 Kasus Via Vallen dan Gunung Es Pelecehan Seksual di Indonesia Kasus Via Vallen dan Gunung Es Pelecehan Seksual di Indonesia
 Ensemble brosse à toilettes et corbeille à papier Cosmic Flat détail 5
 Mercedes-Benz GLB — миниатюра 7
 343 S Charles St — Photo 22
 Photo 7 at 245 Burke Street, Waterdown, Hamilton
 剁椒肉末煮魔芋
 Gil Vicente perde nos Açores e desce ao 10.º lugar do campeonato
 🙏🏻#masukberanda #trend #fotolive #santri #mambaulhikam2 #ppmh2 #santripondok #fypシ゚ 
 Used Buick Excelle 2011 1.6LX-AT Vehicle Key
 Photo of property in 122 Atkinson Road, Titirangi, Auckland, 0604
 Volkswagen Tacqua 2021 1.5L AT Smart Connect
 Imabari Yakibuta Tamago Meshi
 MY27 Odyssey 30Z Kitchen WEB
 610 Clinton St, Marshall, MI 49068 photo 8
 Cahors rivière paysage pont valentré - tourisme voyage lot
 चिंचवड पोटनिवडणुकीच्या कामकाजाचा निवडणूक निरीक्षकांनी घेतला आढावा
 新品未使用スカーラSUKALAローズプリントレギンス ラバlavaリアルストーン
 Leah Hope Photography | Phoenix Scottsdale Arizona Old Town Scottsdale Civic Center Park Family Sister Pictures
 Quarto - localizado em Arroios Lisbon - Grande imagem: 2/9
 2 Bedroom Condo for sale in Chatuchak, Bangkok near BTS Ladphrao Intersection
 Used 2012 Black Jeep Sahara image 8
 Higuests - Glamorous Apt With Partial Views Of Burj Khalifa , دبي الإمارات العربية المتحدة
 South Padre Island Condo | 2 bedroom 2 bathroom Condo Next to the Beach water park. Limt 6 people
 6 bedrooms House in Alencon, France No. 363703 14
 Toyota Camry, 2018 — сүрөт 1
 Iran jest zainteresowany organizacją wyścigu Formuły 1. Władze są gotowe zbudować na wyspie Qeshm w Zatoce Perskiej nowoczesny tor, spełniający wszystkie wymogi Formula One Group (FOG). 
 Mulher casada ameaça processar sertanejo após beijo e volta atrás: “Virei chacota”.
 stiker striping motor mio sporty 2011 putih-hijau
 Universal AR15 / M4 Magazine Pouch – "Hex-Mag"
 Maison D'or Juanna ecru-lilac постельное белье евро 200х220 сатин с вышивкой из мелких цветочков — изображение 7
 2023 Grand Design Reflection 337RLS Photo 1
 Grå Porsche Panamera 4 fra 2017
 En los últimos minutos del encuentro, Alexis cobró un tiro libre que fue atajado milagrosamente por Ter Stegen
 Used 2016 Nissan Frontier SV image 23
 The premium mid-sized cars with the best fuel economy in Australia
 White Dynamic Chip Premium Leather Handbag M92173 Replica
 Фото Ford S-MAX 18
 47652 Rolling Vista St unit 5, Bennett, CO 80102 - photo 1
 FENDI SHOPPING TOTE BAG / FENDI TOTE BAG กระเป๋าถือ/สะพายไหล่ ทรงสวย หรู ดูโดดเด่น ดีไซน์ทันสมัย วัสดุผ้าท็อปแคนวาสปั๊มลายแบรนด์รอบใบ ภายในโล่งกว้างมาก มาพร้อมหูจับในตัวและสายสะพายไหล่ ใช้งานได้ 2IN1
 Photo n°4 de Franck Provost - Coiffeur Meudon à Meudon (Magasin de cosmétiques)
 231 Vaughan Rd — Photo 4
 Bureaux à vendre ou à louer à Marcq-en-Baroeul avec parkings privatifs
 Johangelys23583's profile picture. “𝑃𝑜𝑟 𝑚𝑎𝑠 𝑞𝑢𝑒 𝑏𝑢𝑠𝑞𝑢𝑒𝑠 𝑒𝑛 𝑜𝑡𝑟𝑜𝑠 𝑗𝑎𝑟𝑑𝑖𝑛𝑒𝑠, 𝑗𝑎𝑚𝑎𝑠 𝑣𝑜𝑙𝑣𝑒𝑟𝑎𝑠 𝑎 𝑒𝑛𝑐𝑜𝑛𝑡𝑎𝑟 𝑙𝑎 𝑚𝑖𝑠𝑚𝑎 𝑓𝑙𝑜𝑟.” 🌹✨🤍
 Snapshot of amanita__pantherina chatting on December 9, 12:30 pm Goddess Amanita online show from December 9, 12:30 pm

◆ What this task involves ◆
Starting at the line above that contains "En los últimos", repeat each line exactly up to and including the line that contains "White Dynamic Chip", and stop there.

◆ Finished task ◆
 En los últimos minutos del encuentro, Alexis cobró un tiro libre que fue atajado milagrosamente por Ter Stegen
 Used 2016 Nissan Frontier SV image 23
 The premium mid-sized cars with the best fuel economy in Australia
 White Dynamic Chip Premium Leather Handbag M92173 Replica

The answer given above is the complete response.